This number can be used to compute how sure you are about composite things:

p(A or B) = p(A) + p(B) - p(A and B)

p(A and B) = p(A given B) p(B) = p(B given A) p(A)

That number p happens to correspond to the notion of probability, but it has not been defined using a pre-existing notion of probability: https://en.wikipedia.org/wiki/Cox%27s_theorem

1 comments

What do you mean "you put a number on it"? What number? If the number is arbitrary, which is what your explanation suggests, it cannot mean anything.
It's not completely arbitrary, it represents the degree of plausability you assign to the event.

These numbers have to obey some rules if you require that a set of beliefs is consistent.

The number you assign to the plausability of A and the number you assign to the plausability of not-A have to sum 1.

If you think A and B are equally plausible, you have to put the same number on them.

If you think that A and not-A are equally plausible, you have to assign the number 0.5 to both.

If you put the number p(head)=p(tails)=0.5 as your degree of plausability that the coin I just flipped (I actually did it!) is showing head or tails it's not an "arbitrary" number. It means that you think both (exhaustive) outcomes are equally plausible. Why do you say it cannot mean anything?

It seems to me that if a probability is a quantity representing a degree of belief, and it's only meaningful in relation to another quantity representing another degree of belief, in the sense that we can only say than being X% sure is being more sure than being Y% sure, if X > Y, or equally sure, if X = Y, then such quantity only has an ordinal value, which is to say the quantity itself is meaningless. For it to be meaningful it has to have an interpretation that does not always refer us to another degree of belief. It also must not refer to a "degree of plausibility" since this is just another expression for "probability", and probability is what we are trying to define.
I'm not sure I understand where do you see a problem.

In the example of the degree of belief (between 0 and 1) that you have that the coin on my desk is showing one face or the other, don't you agree that the right numbers that represent your indifference are 0.5 and 0.5? The quantity itself is not meaningless.

You say indifference, but indifference with regards to what? In economics, an individual is said to be indifferent between two alternatives if those alternatives result in the same level of utility for him or her, utility being an abstract concept representing well-being. But you don't say why this person is indifferent to the coin showing one face or the other. Because if it's because he or she thinks both options are equally likely, then we again have a problem, since we don't know what "likely" means.
At what point does the following argument derail for you?

0) I tossed a coin, it lies flat on my desk

1) You have some degree of belief about the statements H:“the coin shows heads” and T:“the coin shows tails”

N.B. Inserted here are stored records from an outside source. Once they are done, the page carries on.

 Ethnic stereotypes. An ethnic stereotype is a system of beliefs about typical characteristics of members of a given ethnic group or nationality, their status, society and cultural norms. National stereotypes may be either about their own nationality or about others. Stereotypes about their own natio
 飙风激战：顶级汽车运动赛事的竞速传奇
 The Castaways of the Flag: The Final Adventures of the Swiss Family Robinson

2) You want to quantify that degree of belief

3) You postulate that you can put a number on your degree of belief about some statement A with the following properties:

3a) p(A) it is between 0 (false) and 1 (true)

3b) p(A or B) = p(A) + p(B) - p(A and B)

3c) p(A and B) = p(A given B) p(B) = p(B given A) p(A)

4) p(H) + p(T) = 1

5) Unless your degree of belief about H is higher than your degree of belief about T

or your degree of belief about T is higher than your degree of belief about H ...

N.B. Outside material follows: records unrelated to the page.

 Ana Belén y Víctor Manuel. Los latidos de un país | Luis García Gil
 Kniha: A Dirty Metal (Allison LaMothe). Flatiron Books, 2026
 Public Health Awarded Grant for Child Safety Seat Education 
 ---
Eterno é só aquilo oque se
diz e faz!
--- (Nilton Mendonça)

6) ... it follows that p(H) = p(T) = 0.5

(in reply to @kgwgk's comment https://news.ycombinator.com/item?id=25313531)

The argument is flawless, the problem is with the interpretation.

> p(A or B) = p(A) + p(B) - p(A and B)

How does one add degrees of belief and what sense do we make out of the result?

> p(H) = p(T) = 0.5

Sure, two equal quantities representing degrees of belief must mean the degrees of belief are of the same magnitude. But what about P(H) = 2P(T)? What does it mean for one degree of belief to be twice as large as the other?